Also, in C++14-compatible compilers, it's apparently better to use decltype(auto) than just auto for automatic return type determination; auto doesn't preserve const-ness, volatile-ness, or reference-ness, while decltype(auto) does. It can be used either as a trailing return type, or as a normal return type.
// caller2(), using decltype(auto).
template<typename Func, typename... Ts> decltype(auto) caller2(std::true_type x, Func f, Ts... args) {
std::cout << "Now calling... ";
return f(args...);
}
decltype(auto) can also be used when declaring variables. See here for more information.

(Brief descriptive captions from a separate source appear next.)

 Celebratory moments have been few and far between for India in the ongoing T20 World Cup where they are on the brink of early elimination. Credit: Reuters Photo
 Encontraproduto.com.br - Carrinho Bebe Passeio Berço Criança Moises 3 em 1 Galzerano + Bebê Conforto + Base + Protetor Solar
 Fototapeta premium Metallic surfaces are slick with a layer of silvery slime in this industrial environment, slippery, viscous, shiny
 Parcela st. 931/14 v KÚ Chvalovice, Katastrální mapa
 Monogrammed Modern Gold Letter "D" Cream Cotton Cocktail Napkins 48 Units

Edit 4: I believe I may have found a potential solution that preserves the passed function's parameter list properly, using functors. However, it may or may not create unwanted overhead, I'm not sure.
// Default functor.
template<typename... Ts>
struct Executor { };
// General case.
template<typename M, typename ReturnType, typename... Params>
struct Executor<M, ReturnType (*)(Params...)> {
public:
// Parameter match:
bool operator()(M method, Params... params) {
ReturnType r = method(params...);
// ...
}
// Parameter mismatch:
template<typename... Invalid_Params>
bool operator()(M method, Invalid_Params... ts) {
// Handle parameter type mismatch here.
}
};
// Special case to catch void return type.
template<typename M, typename... Params>
struct Executor<M, void (*)(Params...)> {
public:
// Parameter match:
bool operator()(M method, Params... params) {
method(params...);
// ...
}
// Parameter mismatch:
template<typename... Invalid_Params>
bool operator()(M method, Invalid_Params... ts) {
// Handle parameter type mismatch here.
}
};
// Variadic function-like macro to automatically create, use, and destroy functor.

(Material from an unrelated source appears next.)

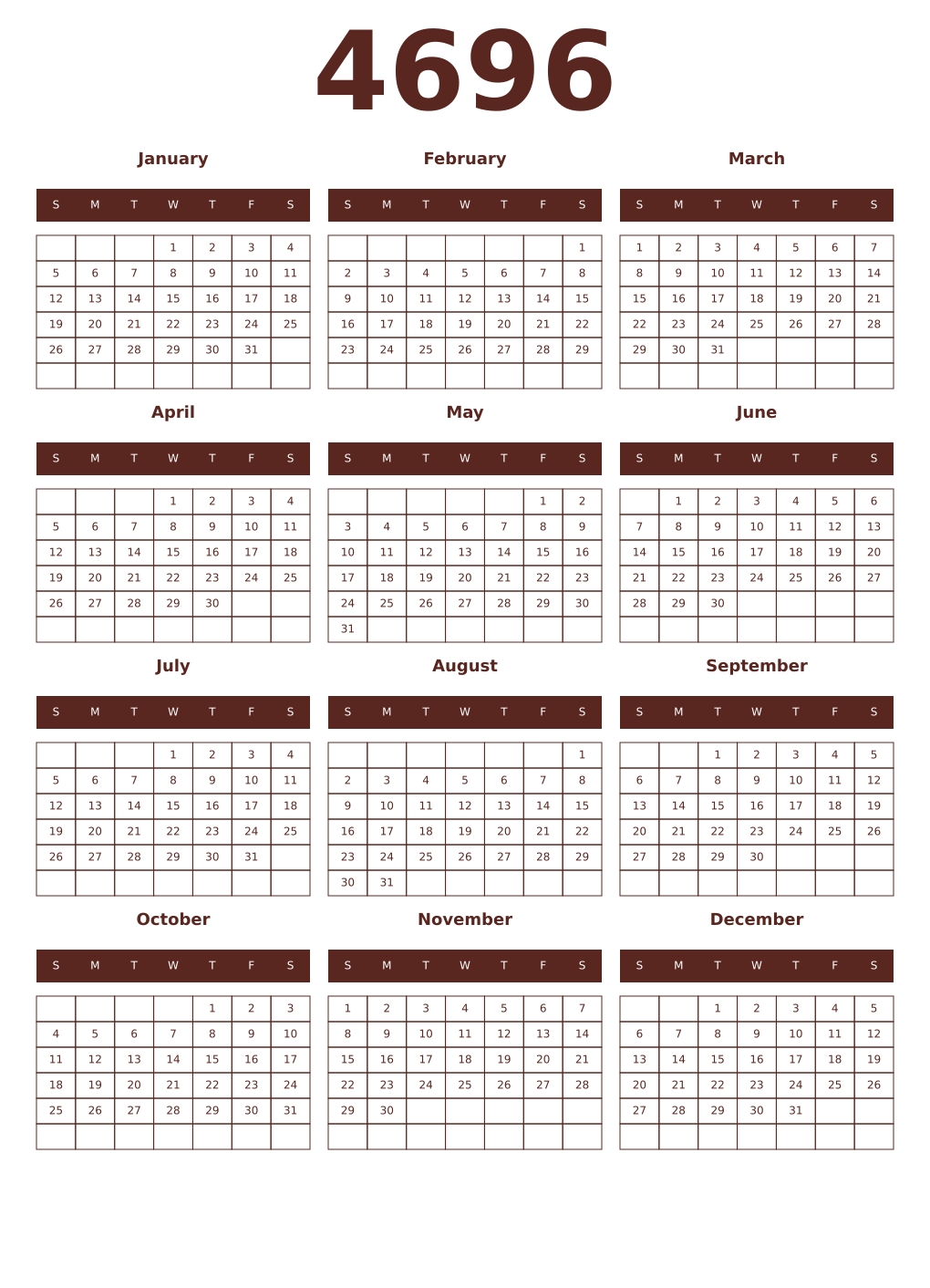Printable 4696 Year Calendars mortuum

// Uncomment whichever one is appropriate for the compiler used.
// (The difference being that Visual C++ automatically removes the trailing comma if the
// macro has zero variadic arguments, while GCC needs a hint in the form of "##" to tell
// it to do so.)
// Also note that the "do { ... } while (false)" structure is used to swallow the trailing
// semicolon, so it doesn't inadvertently break anything; most compilers will optimise it
// out, leaving just the code inside.
// (Source: https://gcc.gnu.org/onlinedocs/cpp/Swallowing-the-Semicolon.html )
// MSVC:
// #define ExecuteMethod(C, M, ...) \
// do { \
// Executor<decltype(&M), decltype(&M)> temp; \
// C = temp(M, __VA_ARGS__); \
// } while (false)
// GCC:
#define ExecuteMethod(C, M, ...) \
do { \
Executor<decltype(&M), decltype(&M)> temp; \
C = temp(M, ##__VA_ARGS__); \
} while (false)
In this case, you can use it as:
ExecuteMethod(return_value_holder, function_name, function_parameter_list);
Which expands to...
do {
Executor<decltype(&function_name), decltype(&function_name)> temp;
return_value_holder = temp(function_name, function_parameter_list);
} while (false);
With this, there's no need to manually go through the parameter pack and make sure each one matches the passed function's parameters. As the passed function's parameter list is quite literally built into Executor as Params..., we can simply overload the function call operator based on whether the arguments it was passed match Params... or not. If the parameters match the function, it calls the Parmas... overload; if they don't, it calls the Invalid_Params... overload. A bit more awkward than true reflection, IMO, but it seems to match everything properly.
Note that:
I'm not sure whether using functors liberally can cause any performance or memory use overhead. I'm... not all that familiar with them at the moment.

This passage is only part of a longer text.